Companies that focus solely on sales to drive revenue are missing out on a critical yet often overlooked opportunity for growth: customer experience. 

In the old days, customer experience was usually considered an operating expense, not a revenue driver. However, things have changed. Nowadays, with the explosion in popularity of revenue performance management, smart leaders recognise the possibilities of CX to drive revenue through customer retention, expansion, and the creation of customer advocates. And the data backs this up – in the largest survey on B2B RevOps, conducted by Lean Data and Sales Hacker, 95% agree that customer experience is crucial for unlocking growth.

The Revenue Cycle 

Leandra Fisherman, Chief Revenue Officer of Intercom, describes guiding a person through their journey as a customer as passing the baton in a relay race: “We’re all in a relay,” she says, “and the customer is the baton.” The sales and support teams must work in tandem, providing an excellent customer experience to retain the buyer’s loyalty and incentivize them to purchase more products.
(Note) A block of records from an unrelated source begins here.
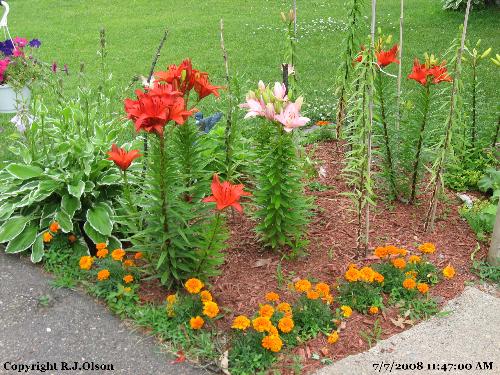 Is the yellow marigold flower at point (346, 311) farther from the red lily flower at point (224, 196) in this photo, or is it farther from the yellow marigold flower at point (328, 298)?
the red lily flower at point (224, 196)

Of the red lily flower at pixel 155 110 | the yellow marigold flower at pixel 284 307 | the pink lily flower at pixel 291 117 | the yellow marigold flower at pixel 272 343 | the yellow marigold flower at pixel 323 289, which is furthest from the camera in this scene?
the pink lily flower at pixel 291 117

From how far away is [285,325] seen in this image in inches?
113

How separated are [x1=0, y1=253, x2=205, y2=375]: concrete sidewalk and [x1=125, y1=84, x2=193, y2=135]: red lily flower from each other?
1113 millimetres

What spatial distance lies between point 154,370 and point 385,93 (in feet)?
7.89

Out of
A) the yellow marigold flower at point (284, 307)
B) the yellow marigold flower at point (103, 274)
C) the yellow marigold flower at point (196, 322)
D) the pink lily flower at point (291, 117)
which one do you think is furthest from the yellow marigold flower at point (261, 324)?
the pink lily flower at point (291, 117)

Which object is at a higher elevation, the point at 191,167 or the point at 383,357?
the point at 191,167

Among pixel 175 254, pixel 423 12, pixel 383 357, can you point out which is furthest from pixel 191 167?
pixel 423 12

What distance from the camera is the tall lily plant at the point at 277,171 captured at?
328cm

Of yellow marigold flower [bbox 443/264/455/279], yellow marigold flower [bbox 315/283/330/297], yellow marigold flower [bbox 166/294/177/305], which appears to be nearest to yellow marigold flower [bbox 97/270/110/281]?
yellow marigold flower [bbox 166/294/177/305]

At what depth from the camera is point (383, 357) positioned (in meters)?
2.88

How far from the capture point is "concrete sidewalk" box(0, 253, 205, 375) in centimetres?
289

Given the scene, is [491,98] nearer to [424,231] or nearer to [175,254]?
[424,231]

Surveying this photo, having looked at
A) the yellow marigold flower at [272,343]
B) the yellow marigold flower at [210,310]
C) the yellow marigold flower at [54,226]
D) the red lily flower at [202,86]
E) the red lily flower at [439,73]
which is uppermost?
the red lily flower at [202,86]

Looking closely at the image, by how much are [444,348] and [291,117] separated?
143 cm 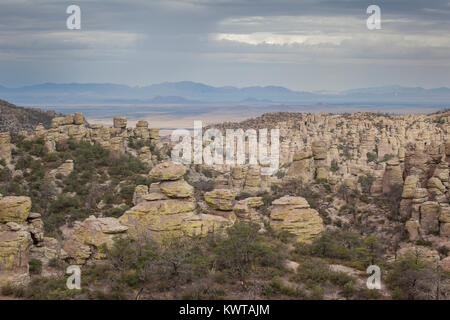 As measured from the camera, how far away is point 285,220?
28.5 metres

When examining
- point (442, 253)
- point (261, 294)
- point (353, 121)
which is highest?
point (353, 121)

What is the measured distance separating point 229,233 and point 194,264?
11.9 ft

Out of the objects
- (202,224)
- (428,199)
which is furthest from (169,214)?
(428,199)

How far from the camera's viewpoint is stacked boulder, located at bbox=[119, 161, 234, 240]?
24.3m

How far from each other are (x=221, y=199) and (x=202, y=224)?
5.66 meters

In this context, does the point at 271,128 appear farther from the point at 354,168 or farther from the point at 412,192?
the point at 412,192

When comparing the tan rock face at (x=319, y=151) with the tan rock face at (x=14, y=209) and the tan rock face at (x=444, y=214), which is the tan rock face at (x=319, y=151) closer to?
the tan rock face at (x=444, y=214)

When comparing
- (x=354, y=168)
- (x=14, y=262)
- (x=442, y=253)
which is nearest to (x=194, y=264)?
(x=14, y=262)

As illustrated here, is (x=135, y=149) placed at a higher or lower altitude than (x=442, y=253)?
higher

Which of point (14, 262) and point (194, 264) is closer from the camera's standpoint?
point (194, 264)

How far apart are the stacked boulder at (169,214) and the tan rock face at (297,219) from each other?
383cm

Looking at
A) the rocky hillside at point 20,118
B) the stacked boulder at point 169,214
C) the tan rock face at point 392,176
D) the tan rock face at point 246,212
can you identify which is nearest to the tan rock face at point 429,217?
the tan rock face at point 392,176

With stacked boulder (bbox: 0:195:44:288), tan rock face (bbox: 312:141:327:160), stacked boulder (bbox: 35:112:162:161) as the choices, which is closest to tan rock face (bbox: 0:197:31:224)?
stacked boulder (bbox: 0:195:44:288) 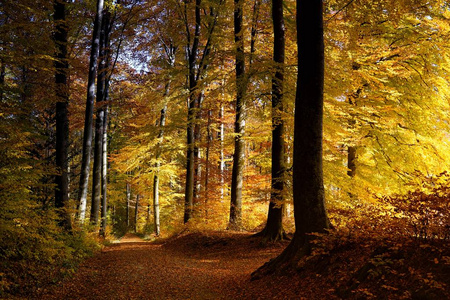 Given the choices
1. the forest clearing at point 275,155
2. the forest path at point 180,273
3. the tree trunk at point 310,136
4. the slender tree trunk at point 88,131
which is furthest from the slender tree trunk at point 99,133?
the tree trunk at point 310,136

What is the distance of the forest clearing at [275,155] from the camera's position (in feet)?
16.5

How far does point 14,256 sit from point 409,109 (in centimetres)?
1280

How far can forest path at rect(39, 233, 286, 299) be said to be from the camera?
243 inches

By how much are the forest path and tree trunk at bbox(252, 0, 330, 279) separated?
161 cm

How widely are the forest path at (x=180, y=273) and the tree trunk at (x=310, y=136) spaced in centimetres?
161

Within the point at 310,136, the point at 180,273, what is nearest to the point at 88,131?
the point at 180,273

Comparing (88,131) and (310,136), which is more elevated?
(88,131)

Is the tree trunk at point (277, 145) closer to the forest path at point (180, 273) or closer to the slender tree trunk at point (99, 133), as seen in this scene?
the forest path at point (180, 273)

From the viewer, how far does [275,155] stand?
9.93 m

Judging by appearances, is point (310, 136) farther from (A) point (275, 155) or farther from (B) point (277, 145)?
(A) point (275, 155)

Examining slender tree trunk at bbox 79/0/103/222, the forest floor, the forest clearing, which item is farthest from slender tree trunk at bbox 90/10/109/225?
the forest floor

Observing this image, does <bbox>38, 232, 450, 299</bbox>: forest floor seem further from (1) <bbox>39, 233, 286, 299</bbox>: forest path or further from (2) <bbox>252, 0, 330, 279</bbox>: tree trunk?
(2) <bbox>252, 0, 330, 279</bbox>: tree trunk

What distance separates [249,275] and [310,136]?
3.63 metres

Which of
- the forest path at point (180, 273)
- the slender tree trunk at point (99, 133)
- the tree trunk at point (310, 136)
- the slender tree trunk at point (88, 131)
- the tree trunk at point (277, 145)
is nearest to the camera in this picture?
the tree trunk at point (310, 136) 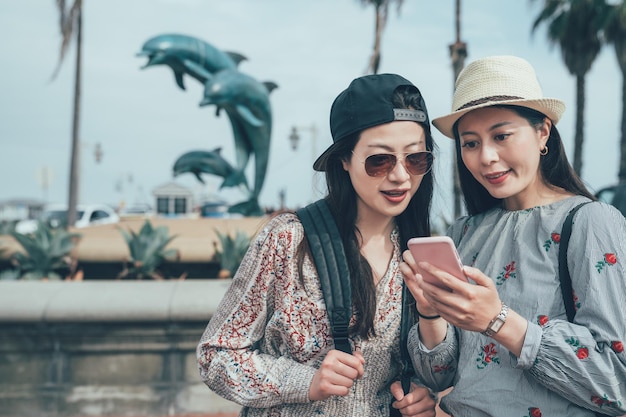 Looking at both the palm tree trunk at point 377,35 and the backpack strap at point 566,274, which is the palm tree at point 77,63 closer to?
the palm tree trunk at point 377,35

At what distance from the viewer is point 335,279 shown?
1.92 metres

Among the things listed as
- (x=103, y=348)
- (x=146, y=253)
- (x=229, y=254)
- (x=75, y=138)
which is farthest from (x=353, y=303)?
(x=75, y=138)

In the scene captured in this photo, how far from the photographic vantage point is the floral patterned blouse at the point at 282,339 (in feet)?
6.35

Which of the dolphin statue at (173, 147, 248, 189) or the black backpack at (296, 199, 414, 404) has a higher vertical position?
the dolphin statue at (173, 147, 248, 189)

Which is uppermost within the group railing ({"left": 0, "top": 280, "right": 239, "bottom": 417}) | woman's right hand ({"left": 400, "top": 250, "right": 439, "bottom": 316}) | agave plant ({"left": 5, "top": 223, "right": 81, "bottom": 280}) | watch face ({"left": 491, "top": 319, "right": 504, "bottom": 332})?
woman's right hand ({"left": 400, "top": 250, "right": 439, "bottom": 316})

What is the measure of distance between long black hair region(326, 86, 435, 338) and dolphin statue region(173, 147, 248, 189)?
11.7 metres

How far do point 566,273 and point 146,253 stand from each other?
463cm

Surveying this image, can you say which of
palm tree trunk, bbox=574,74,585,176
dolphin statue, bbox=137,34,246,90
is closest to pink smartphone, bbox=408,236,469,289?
dolphin statue, bbox=137,34,246,90

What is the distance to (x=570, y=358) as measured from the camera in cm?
157

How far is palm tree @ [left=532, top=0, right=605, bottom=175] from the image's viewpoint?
741 inches

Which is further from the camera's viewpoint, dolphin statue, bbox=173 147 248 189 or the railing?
dolphin statue, bbox=173 147 248 189

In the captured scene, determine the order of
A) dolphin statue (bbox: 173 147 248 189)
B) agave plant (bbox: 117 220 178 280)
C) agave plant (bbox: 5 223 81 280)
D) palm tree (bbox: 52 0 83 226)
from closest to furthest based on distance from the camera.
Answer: agave plant (bbox: 117 220 178 280)
agave plant (bbox: 5 223 81 280)
dolphin statue (bbox: 173 147 248 189)
palm tree (bbox: 52 0 83 226)

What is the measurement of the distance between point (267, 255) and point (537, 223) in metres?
0.81

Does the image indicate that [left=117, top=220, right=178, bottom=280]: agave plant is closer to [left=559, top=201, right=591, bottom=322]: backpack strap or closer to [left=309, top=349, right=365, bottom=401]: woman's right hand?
[left=309, top=349, right=365, bottom=401]: woman's right hand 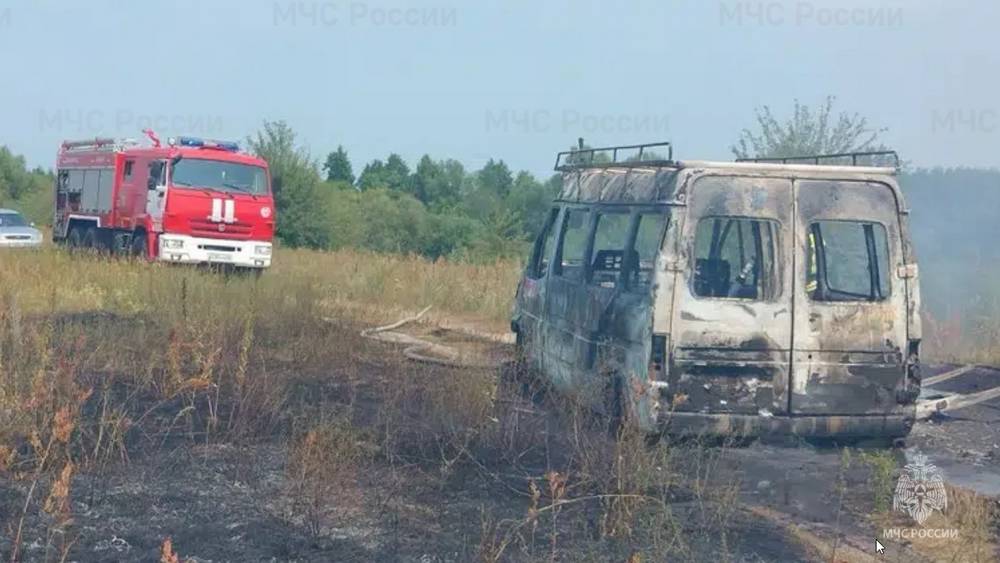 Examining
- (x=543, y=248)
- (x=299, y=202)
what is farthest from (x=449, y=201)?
(x=543, y=248)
In this analogy, you could consider the salesperson – or even the marketing team, if an ad is the first touchpoint – as the first person in the relay. 

After the sale is made, the baton is passed on to the support team. The customer service reps will be the first people to come to the consumer’s aid if they experience any problems or restrictions that a higher tier product would solve. 

Let’s take the example of a customer who downloaded the free version of product. They call customer support, saying that they want access to a feature that will streamline their workflows. The support agent tells them that feature is only available in the paid version of the software. Would they like to learn more?

Thus, the customer – AKA the baton – gets passed back to sales. And so the revenue cycle continues…. 

Strategies To Drive Revenue Performance With Customer Experience

1. Prioritize quality and set standards within your CX teams

If you don't have one in place already, a solid quality assurance strategy is key to keeping customers happy and CX on point. Having a structured framework and the right QA software in place drives quality by offering up smart insights into where your CX teams excel – as well their blindspots which may need a little more coaching and training.

This results in a better experience for your customers who'll spend more, stay loyal, and let others know about your product.

2. Take action to motivate CX team performance

Encourage delightful customer experiences by rewarding CX teams based on their performance. In a connected, revenue performance driven company, incentives aren't just for sales! Connect incentive plans with CX results and improve the metrics that matter. Depending on your particular organization, these may include:

  • Customer satisfaction ratings (e.g. NPS/CSAT)
  • Quality assessment scores
  • Customer retention rates

3. Go beyond the standard CX metrics of success and incentivize cross-sells and upsells

Turn your CX team into a revenue generating powerhouse by adding them to your connected commission plans. Whereas cross and upselling have historically been sales centric activities, in this new world of RevOps and connected teams, CX can play their part to increase profits – and should be rewarded for it too. CX can do this by:

  • Offering upsells based on a customer’s future goals
  • Focusing on added value
  • Targeting the most satisfied customers at the right time

The key here is to keep the focus on what a customer needs and can benefit from — and not simply on pushing for that sale.

4. Consider Gamification

Gamification, which combines game mechanics and data to improve performance, can help motivate CX teams, make their work a little more enjoyable, and improve the quality of customer experience. At Leaptree, we’ve added Gamification to our dynamic QA scorecards with leaderboards, badges, and other game elements to keep employees engaged, happy, and motivated. This helps to take customer interactions from inconsistent to unforgettable – which results in happier customers and more sales.

Conclusion: Boost Your Customer Experience, Boost Your Revenue

The bottom line is this: if you improve your customer experience, you improve your revenue performance.